=== Section Start ===

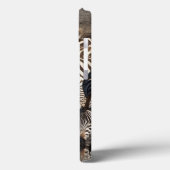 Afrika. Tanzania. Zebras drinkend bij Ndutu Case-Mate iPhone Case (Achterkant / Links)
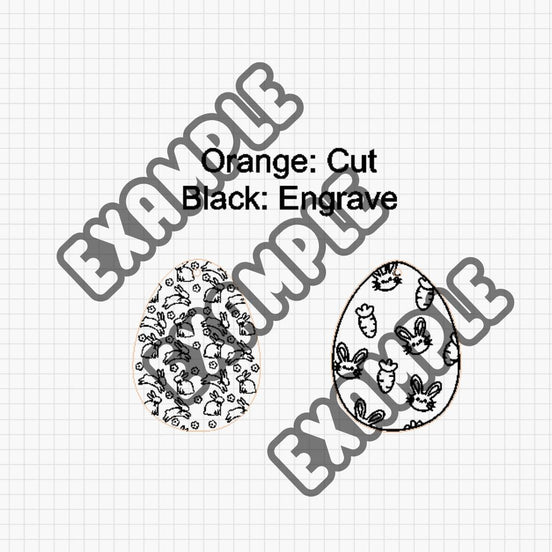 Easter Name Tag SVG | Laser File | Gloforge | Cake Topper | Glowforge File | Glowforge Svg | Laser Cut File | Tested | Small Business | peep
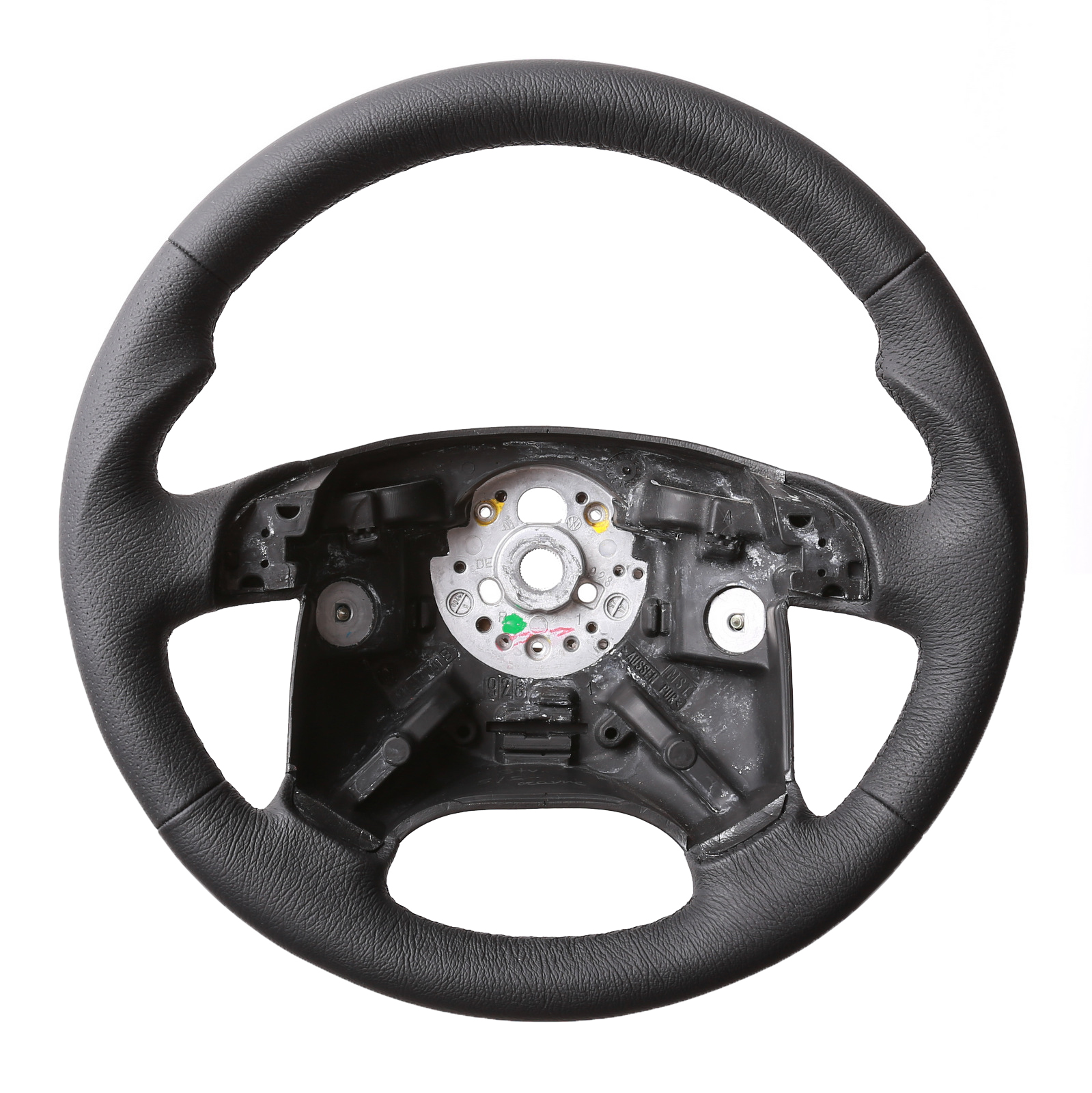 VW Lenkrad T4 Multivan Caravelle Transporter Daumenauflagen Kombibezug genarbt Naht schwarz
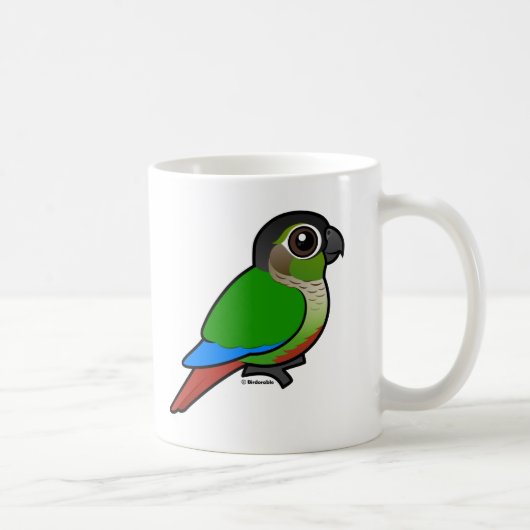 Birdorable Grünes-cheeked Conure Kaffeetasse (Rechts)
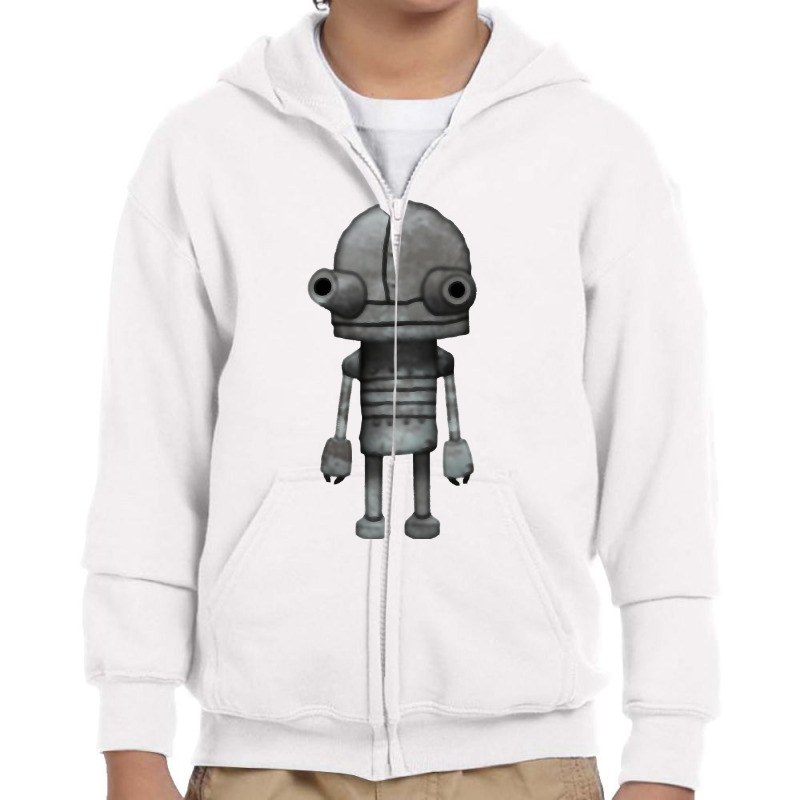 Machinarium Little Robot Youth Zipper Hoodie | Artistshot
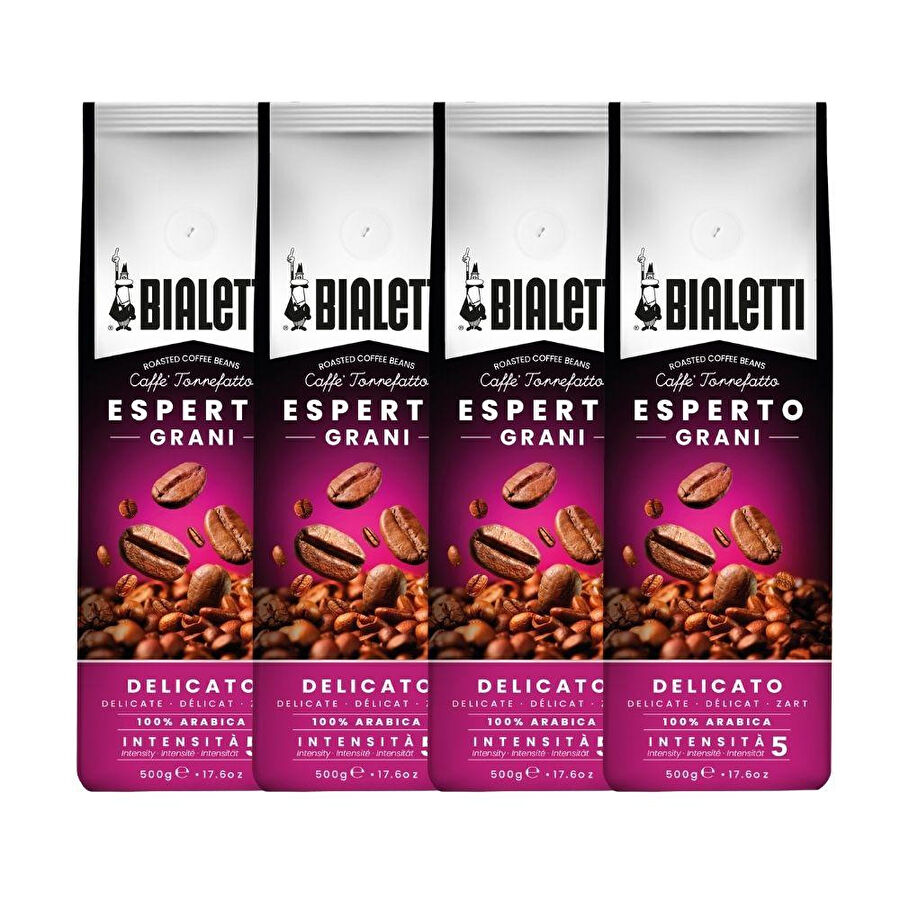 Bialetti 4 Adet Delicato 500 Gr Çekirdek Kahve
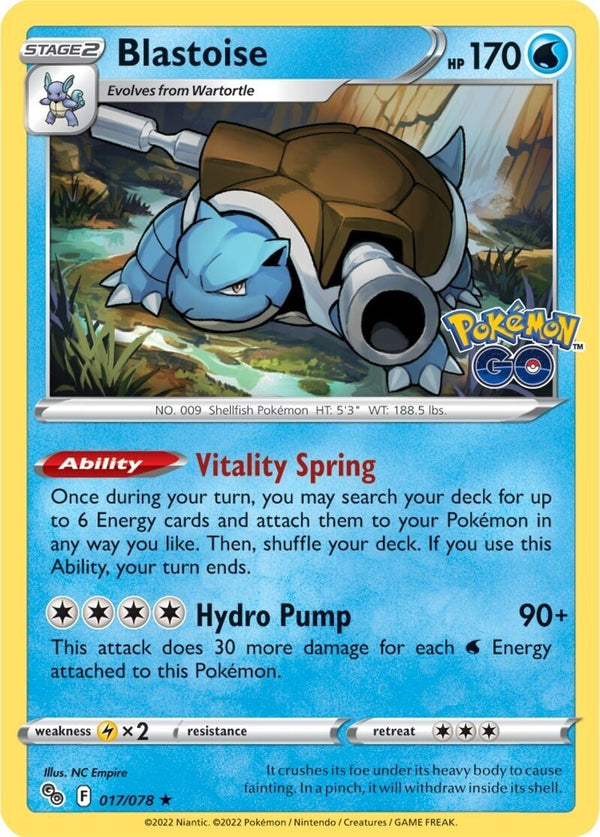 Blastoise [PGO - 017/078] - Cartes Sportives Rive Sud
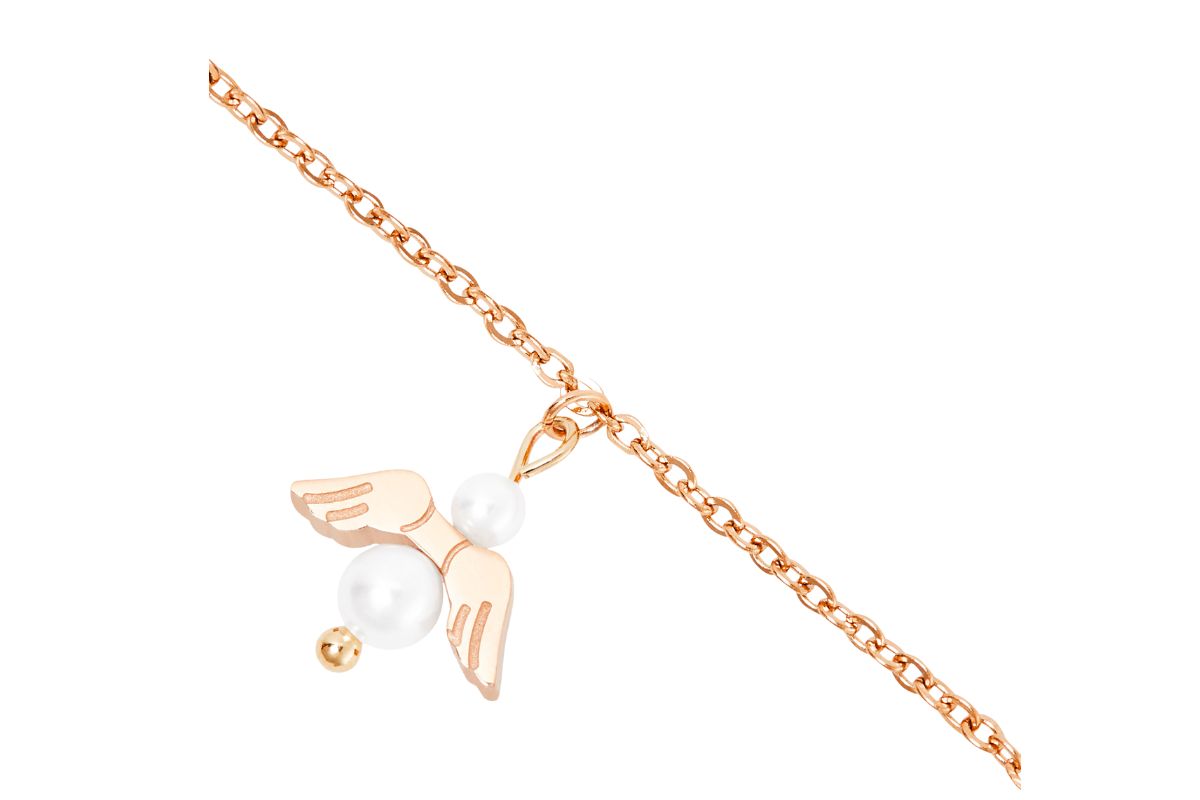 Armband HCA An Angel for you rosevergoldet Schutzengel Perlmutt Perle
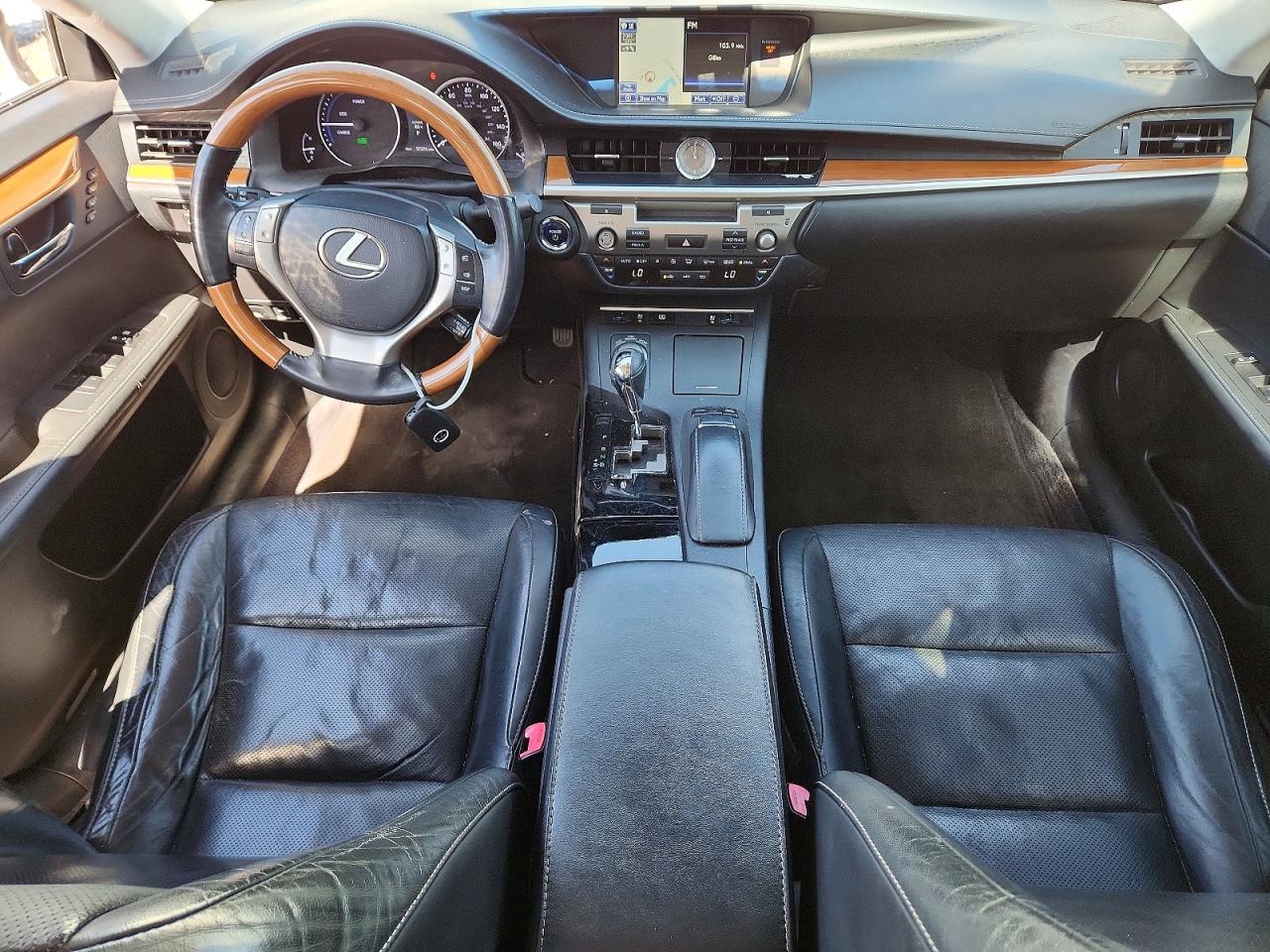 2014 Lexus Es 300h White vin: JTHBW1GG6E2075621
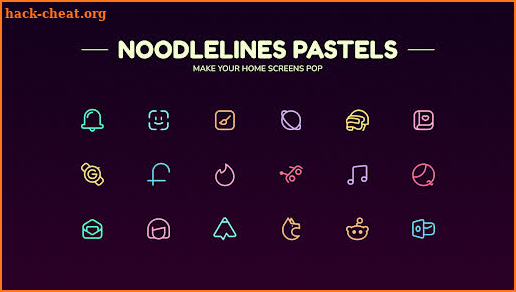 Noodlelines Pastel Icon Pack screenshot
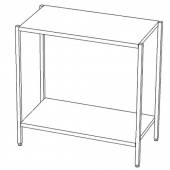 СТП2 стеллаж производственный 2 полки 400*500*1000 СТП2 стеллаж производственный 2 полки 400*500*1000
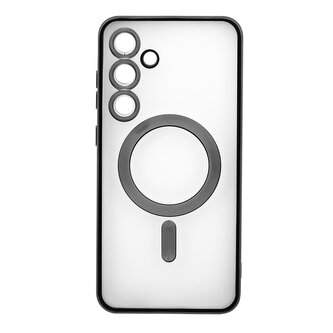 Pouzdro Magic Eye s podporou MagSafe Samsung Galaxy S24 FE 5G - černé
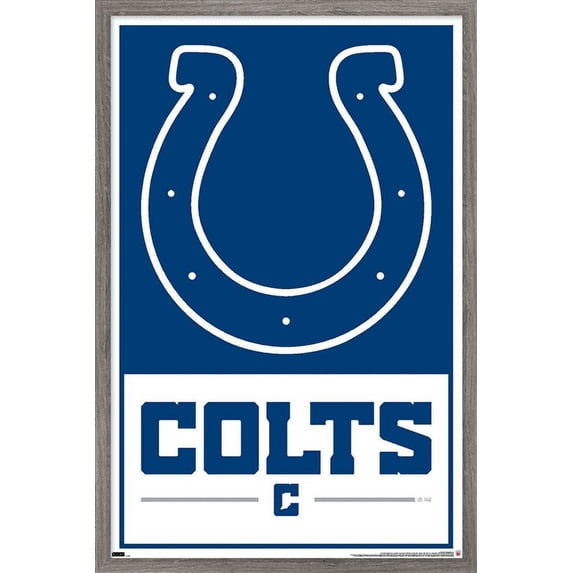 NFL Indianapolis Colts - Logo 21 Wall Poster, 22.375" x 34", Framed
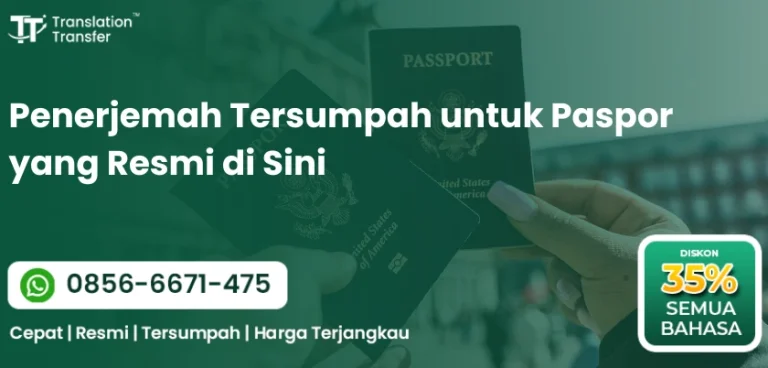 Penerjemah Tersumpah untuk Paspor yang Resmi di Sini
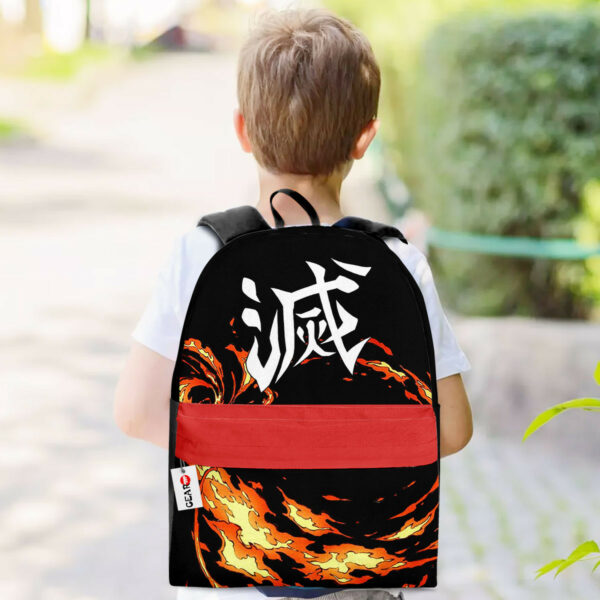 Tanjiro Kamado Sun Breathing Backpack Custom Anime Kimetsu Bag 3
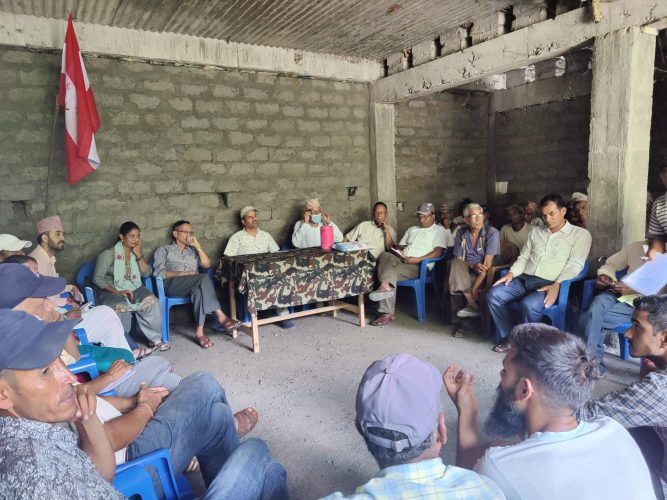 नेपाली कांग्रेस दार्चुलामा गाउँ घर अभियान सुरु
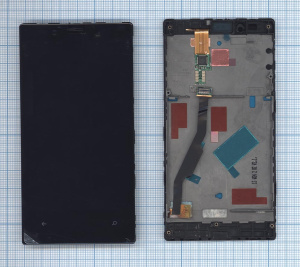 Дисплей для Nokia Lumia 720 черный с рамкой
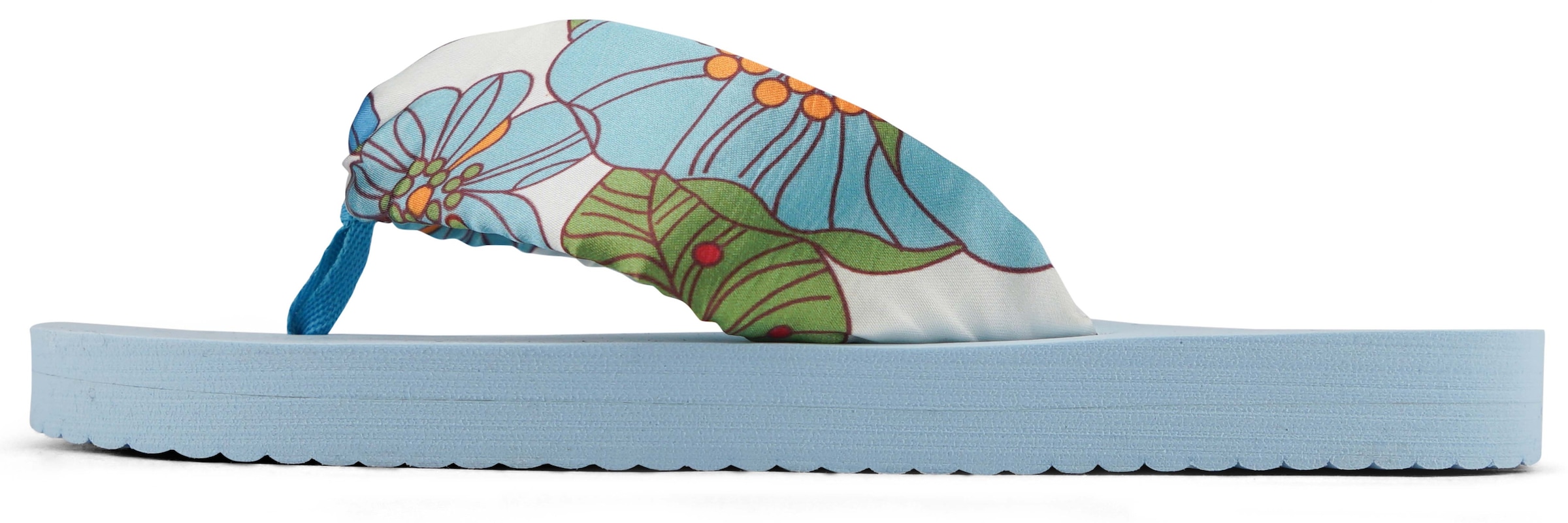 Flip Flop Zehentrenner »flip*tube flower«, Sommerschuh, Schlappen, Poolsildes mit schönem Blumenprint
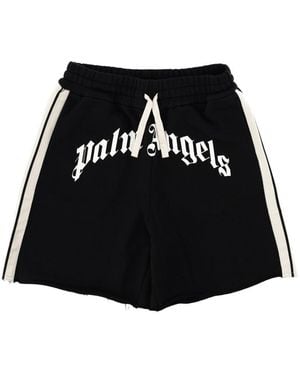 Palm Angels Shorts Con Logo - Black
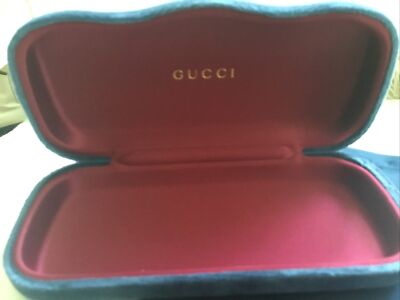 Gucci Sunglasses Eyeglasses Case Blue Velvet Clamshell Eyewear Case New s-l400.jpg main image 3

=== Section End ===

Please give again, word for word, the lines from the one containing "Tanjiro Kamado Sun" through the last line of the listing above, inclusive, and leave out pictures.

 Tanjiro Kamado Sun Breathing Backpack Custom Anime Kimetsu Bag 3
 नेपाली कांग्रेस दार्चुलामा गाउँ घर अभियान सुरु
 Дисплей для Nokia Lumia 720 черный с рамкой
 Flip Flop Zehentrenner »flip*tube flower«, Sommerschuh, Schlappen, Poolsildes mit schönem Blumenprint
 Palm Angels Shorts Con Logo - Black
 Gucci Sunglasses Eyeglasses Case Blue Velvet Clamshell Eyewear Case New s-l400.jpg main image 3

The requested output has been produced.